Triangulating computational and corpus linguistic methods to investigate climate discourse on Twitter

Written by Darcy McCarthy

The first few years of the 2020s have accelerated climate change issues to the core of Australian discourse. Since the 2019-20 bushfires, climate change and its impacts have become fixtures in the nation’s headspace. However, linguistic research on the topic has not matched the pace of climate change’s growing importance to Australians, despite the growth of ‘ecolinguistics’ worldwide (see Poole 2022).

To address this, I recently completed an Honours thesis investigating the link between climate discourses on twitter and political ideologies, in particular right- and left-leaning Australian users/accounts. I was provided with a dataset consisting of tweets by Australian twitter users mentioning the word ‘climate’ over a period of just over two years. The tweets are separated based on the political leanings of the user/account (i.e. into left-leaning and right-leaning groups). In order to understand how these two groups use language in tweets that mention climate, I triangulated three different methods: sentiment analysis (in which short texts are assigned a numerical score for their sentiment on a scale from -1 to 1; see Hutto & Gilbert 2014 for the method used in this thesis), multiple correspondence analysis (in which tagged texts are subject to dimension reduction to reveal axes of variation; see Clarke & Grieve 2019 for a similar example), and keyword analysis (in which word frequencies are compared to determine which words are characteristic of a given corpus).

The sentiment analysis revealed that left-leaning users speak on average more positively than right-leaning users, as shown in Figure 1 below. This difference, however, was small. Additionally, this sentiment fluctuates over the period of the dataset, and appears to respond to external events (for example, the dip on the left of the graph corresponds to the 2019-20 bushfire season).

A graph showing the sentiment polarity of left- and right-leaning accounts with peaks and troughs over time
Figure 1: Polarity of left-leaning & right-leaning accounts over time

The multiple correspondence analysis revealed three main dimensions of variation within the dataset. The first relates to word length, which is expected since longer tweets contain more language features. The remaining two dimensions correspond to two clear grammatical styles: an interactive style and a persuasive style. The multiple correspondence analysis thus revealed two important findings. First, at least grammatically, the groups use language similarly when it comes to climate issues, since the multiple correspondence analysis does not differentiate them. Second, neither group (i.e. left-leaning and right-leaning) are a monolith in terms of grammatical style, each group containing tweets that are ‘interactive’ and tweets that are ‘persuasive’ in style.

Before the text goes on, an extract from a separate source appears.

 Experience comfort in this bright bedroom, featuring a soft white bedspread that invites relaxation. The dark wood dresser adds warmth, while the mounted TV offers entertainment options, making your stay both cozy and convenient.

The keyword analysis revealed the largest differences between the groups. Most keywords within the right-leaning group were either related to adversarial framing (how a given party frames their adversaries in discourse, e.g. ‘mockeries’, ‘hystericals’, ‘climatefraud), or scientific legitimation (how groups use various strategies to make their scientific position appear legitimate, e.g. ‘cagw’, ‘carbondioxide’, ‘minoan’). This finding lines up with what we understand about the nature of the climate-movement. Since climate change deniers are opposed to the scientific consensus, they have to expend more effort delegitimizing their opponents. Climate change activists, on the other hand, not having this burden, are free to spend more time talking about other issues. This is reflected in my keyword analysis, with most keywords in the left-leaning group being related to other political and environmental issues (e.g. ‘indue’, ‘icac’, ‘robodebt’).

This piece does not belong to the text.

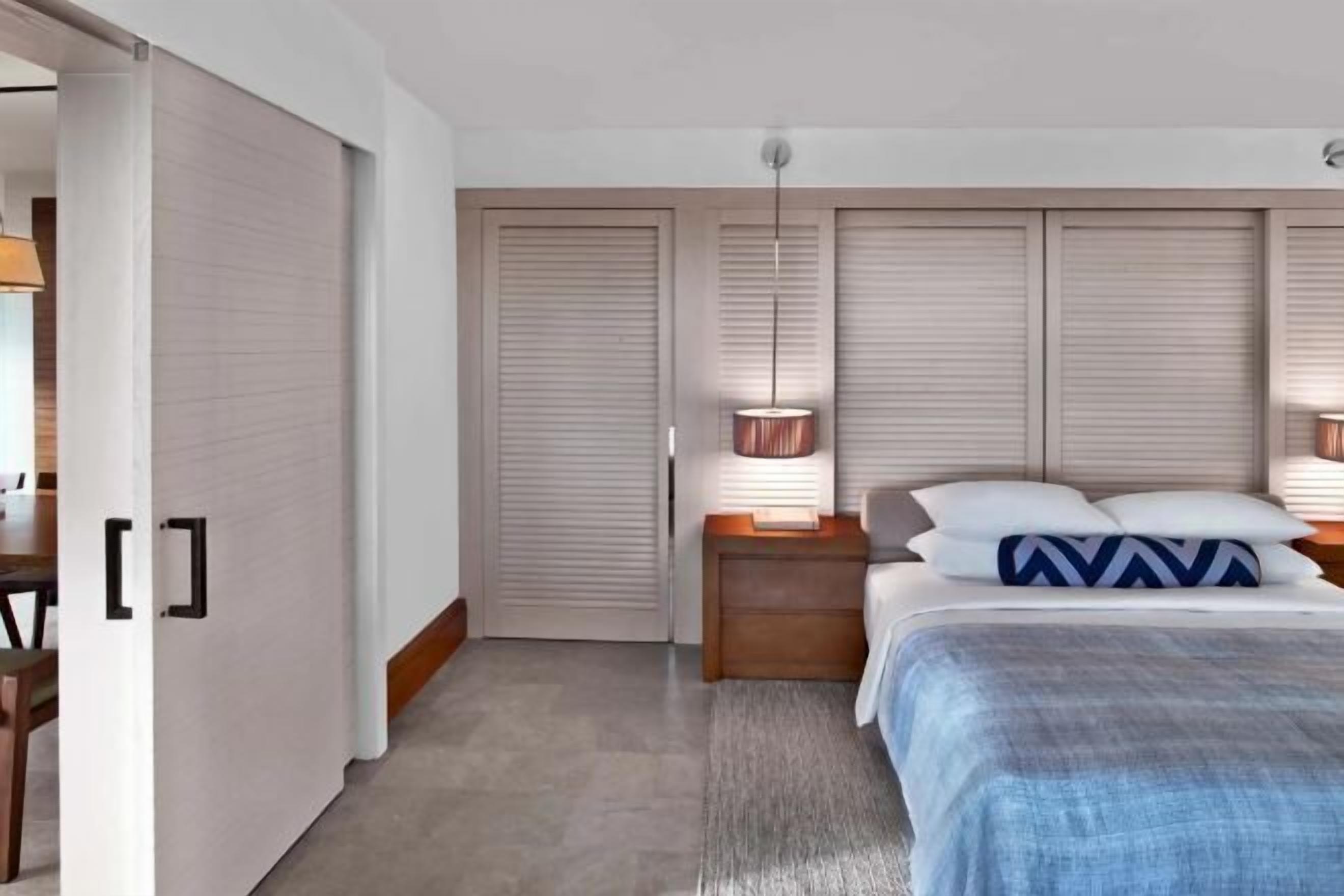 Premium bedding, down comforters, free minibar items, in-room safe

Overall, my analysis revealed a few main points. Firstly, data collected on a left-leaning/right-leaning basis appears to be an apt proxy for studying the language of climate change advocates/activists and climate change deniers/skeptics. All the findings in this study lined up with the existing literature on the language of such groups, for example the fact that climate change deniers are more prone to adversarial behaviour (see Medimorec & Pennycook 2015), or that scientific de-legitimation is a key component of climate denialist speech (Peters 2008), despite this not being explicit in the original dataset. Secondly, the language of these two groups differs greatly on a lexical/keyword basis, but not much on other fronts (i.e. sentiment and grammatical style).

This blog post derives from my Honours thesis completed at the University of Sydney, which can be accessed here.

Acknowledgments

I am grateful to Dr. Tristram Alexander for providing the dataset and to Dr. Isobelle Clarke for access to MDATT, a software used for detailed POS tagging of twitter posts.

References

Clarke, I., & Grieve, J. (2019). Stylistic variation on the Donald Trump Twitter account: A linguistic analysis of tweets posted between 2009 and 2018. PLOS ONE, 14(9), e0222062. https://doi.org/10.1371/journal.pone.0222062

Hutto, C., & Gilbert, E. (2014). VADER: A parsimonious rule-based model for sentiment analysis of social media text. Proceedings of the International AAAI Conference on Web and Social Media, 8(1), 216–225. https://doi.org/10.1609/icwsm.v8i1.14550

Medimorec, S., & Pennycook, G. (2015). The language of denial: Text analysis reveals differences in language use between climate change proponents and skeptics. Climatic Change, 133(4), 597–605. https://doi.org/10.1007/s10584-015-1475-2

Peters, H. P. (2008). Scientists as public experts. In M. Bucchi & B. Trench (Eds.), Handbook of Public Communication of Science and Technology. Routledge.

Poole, R. (2022). Corpus-assisted Ecolinguistics. Bloomsbury Academic.